Technology Today

2011 Issue 1

Standardizing the Smart Grid

In recent years, Raytheon has been providing leadership in energy-related domestic and international standards-development organizations, such as the ISO/IEC Joint Technical Committee 1, IEEE P2030 [1] — Smart Grid Interoperability Guidelines Standards, and International Committee for Information Technology Standards. Additionally, Raytheon actively participates in the Smart Grid Interoperability Panel (SGIP) sponsored by the National Institute of Standards and Technology (NIST) of the U.S. Department of Commerce.

The primary objective of standardization is to have open specifications for portability, interconnectivity and, most important, interoperability. For Raytheon, this facilitates greater openness, understanding and trust with our customers so that we can better address their needs.

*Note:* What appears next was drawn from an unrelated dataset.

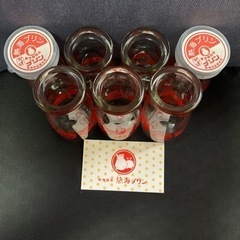 熱海プリンのビン×9本の画像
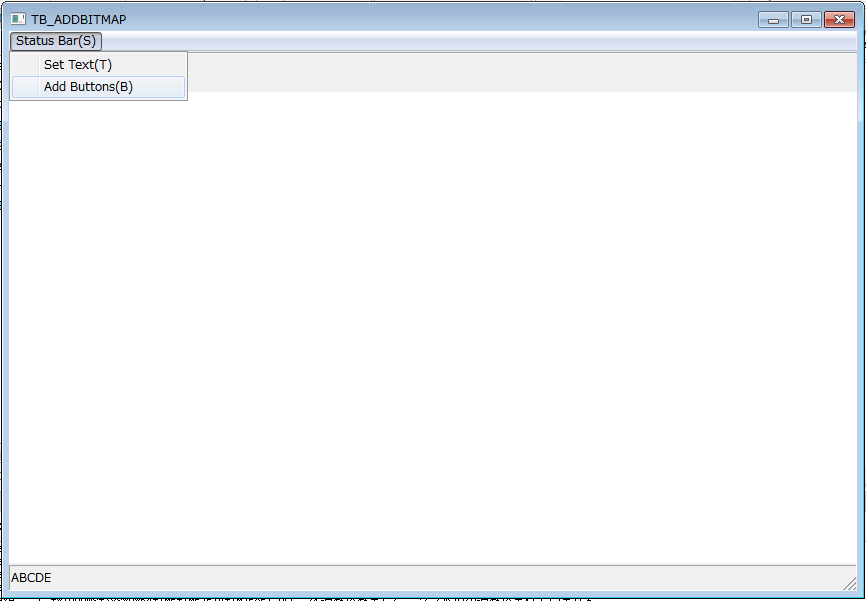 Add Buttonsを押すと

Raytheon has numerous technologies directly applicable to energy systems, including intelligent sensor technologies, sensor networks and architectures, command and control, data and information processing technology, cybersecurity, renewable energy technologies, and smart power management. Raytheon can play an important role in contributing its knowledge about these technologies to develop effective and useable standards for the smart grid.

Creating the Smart Grid

The United States power grid is one of the most complex networked systems in the world. While many modern systems and networks have transitioned in ways unrecognizable from their original implementations, the power grid has remained rooted in its original conception and implementation. As many have noted, if Alexander Graham Bell was introduced to today's communications network, he would be overwhelmed at the magnitude of advancement; if Nikola Tesla was introduced to the modern power grid, he would recognize almost every part of the infrastructure.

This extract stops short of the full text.